### Data shown
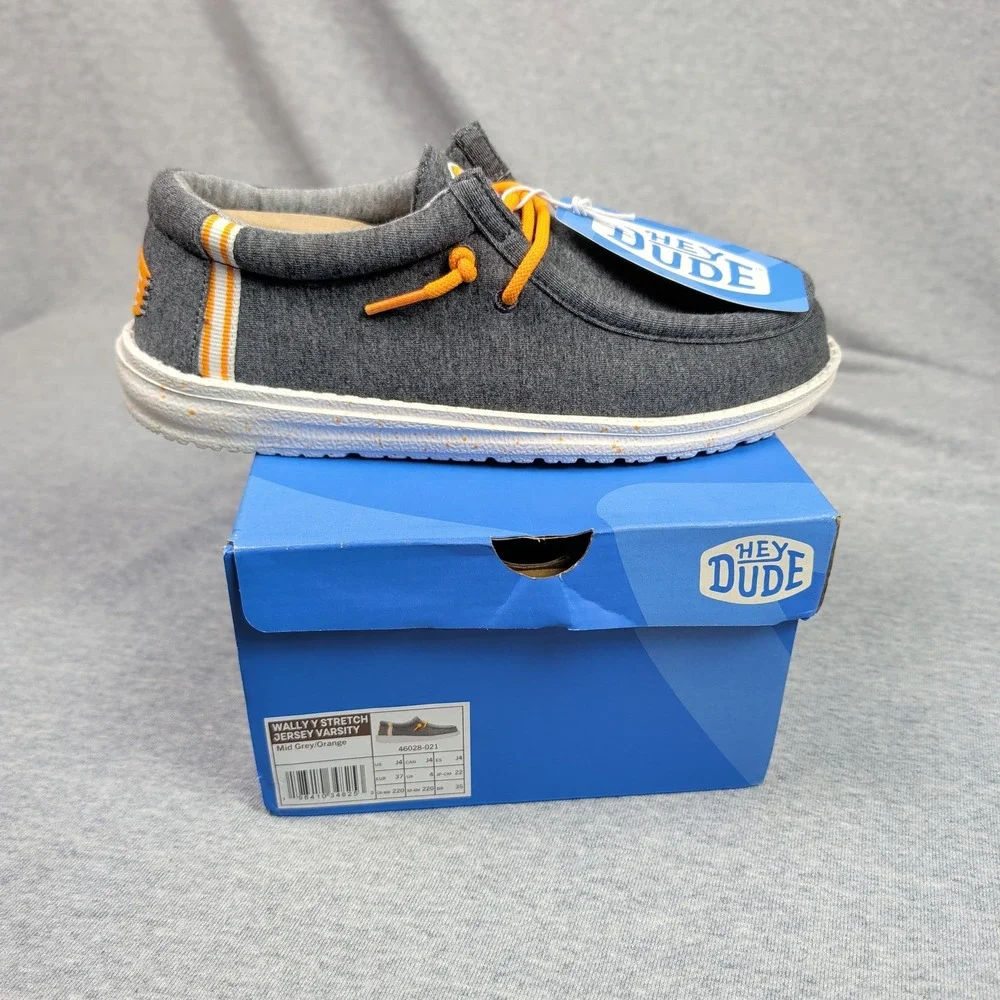 Hey Dude Wally Y Stretch Jersey Varsity Mid Grey Orange Youth Shoes 46028-021 J4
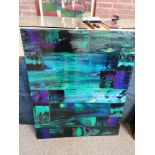 Acryllic & Resin Blue Block Painting by J Blenkinsop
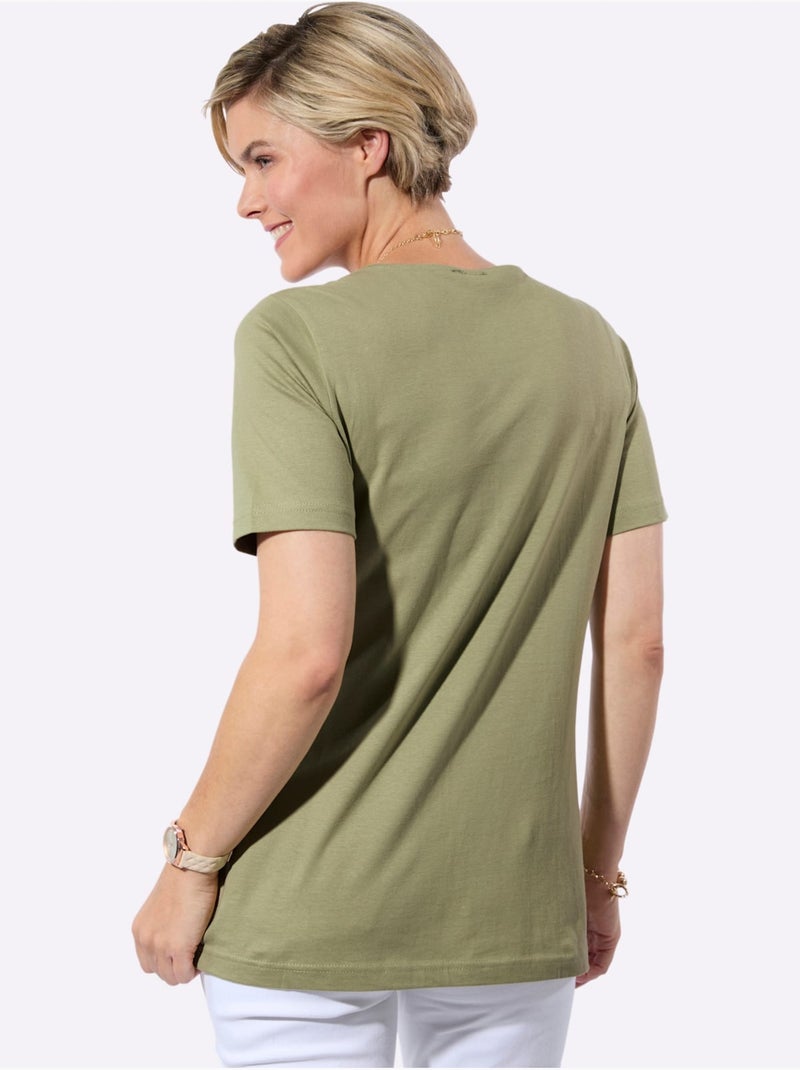T-shirt long à manches courtes avec boutons décoratifs en diagonale - Taille standard - Witt Bleu Vert Gris - Kiabi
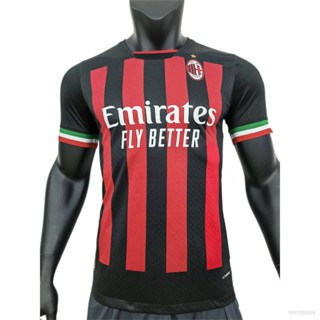 เสื้อกีฬาแขนสั้น ลายทีมชาติฟุตบอล Milan 22-23 AC ชุดเหย้า สําหรับผู้ชาย และผู้หญิง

### Exercise objective
Go through the listing above and write it all out exactly, leaving out any picture.

### Output of the exercise
 Hey Dude Wally Y Stretch Jersey Varsity Mid Grey Orange Youth Shoes 46028-021 J4
 Acryllic & Resin Blue Block Painting by J Blenkinsop
T-shirt long à manches courtes avec boutons décoratifs en diagonale - Taille standard - Witt Bleu Vert Gris - Kiabi
 เสื้อกีฬาแขนสั้น ลายทีมชาติฟุตบอล Milan 22-23 AC ชุดเหย้า สําหรับผู้ชาย และผู้หญิง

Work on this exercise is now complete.